Epistolaire
Mon Adoré,
En regardant mon sillage ces derniers jours, il me semble que quelque chose se dessine : comme une route tracée au crayon à papier sur une carte encore inconnue. Dans ces moments-là, il me paraît naturel de prendre la direction de nos cœurs, et de t’écrire, encore. T’écrire comme j’ai toujours fait. A moins que ce qui sort de la brume ne soit une grève nouvelle où je me tiens pour observer les mouvements de la mer.
Je me sens en effet au bord d’un autre océan. Des rouleaux à la fois familiers et inconnus s’écrasent à mes pieds. Nous avons traversé des années sombres, douloureuses et tremblantes, dans les tempêtes grises d’un hiver implacable. Mais voilà que le printemps a crevé le plafond de nuages pour transpercer d’un puissant rayon la cime des vagues, en illuminer l’écume scintillante.
Ce qui bouillonne n’est pas la mer qui t’enlève à moi, mais bien celle qui portera mes prochaines aventures. Elle convoque tous les souvenirs de Tregana, des Blancs Sablons, du Minou, pour les ériger en rêve à concrétiser, comme un phare à bâtir sur une côte illustre.
Je contemple l’avenir avec dans l’âme suffisamment de fièvre pour devenir ma propre armatrice, et concevoir des plans solides sur mes ambitions les plus folles.

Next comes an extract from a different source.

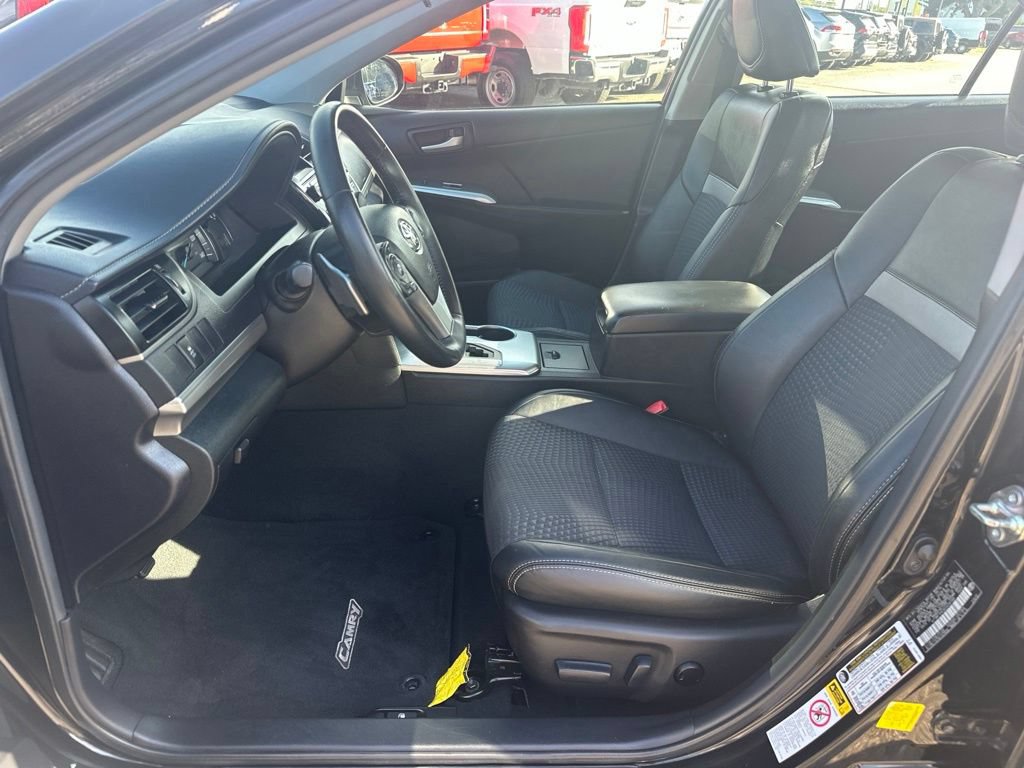 Used 2014 Toyota Camry SE w/ Moonroof Package FWD image 14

Prête à arracher le voile qui recouvre encore mes capacités d’écriture pour en parer le vaisseau ivre que je suis. Ivre de doutes et de contradictions, mais les cales pleines de trésors ramassés pendant ces années d’air rance.
Mon amour, nous ne voguons pas sur un trois-mâts barque classique. Quel ennui ! Nos existences entremêlées ne sont pas moins qu’une ville flottante où nous travaillons à bâtir pour chacun le transport vers ses plus grandes idées.
Et une idée revient à la surface, en ce qui me concerne. Une idée ancienne et qui paraît impossible : être marin et écrire.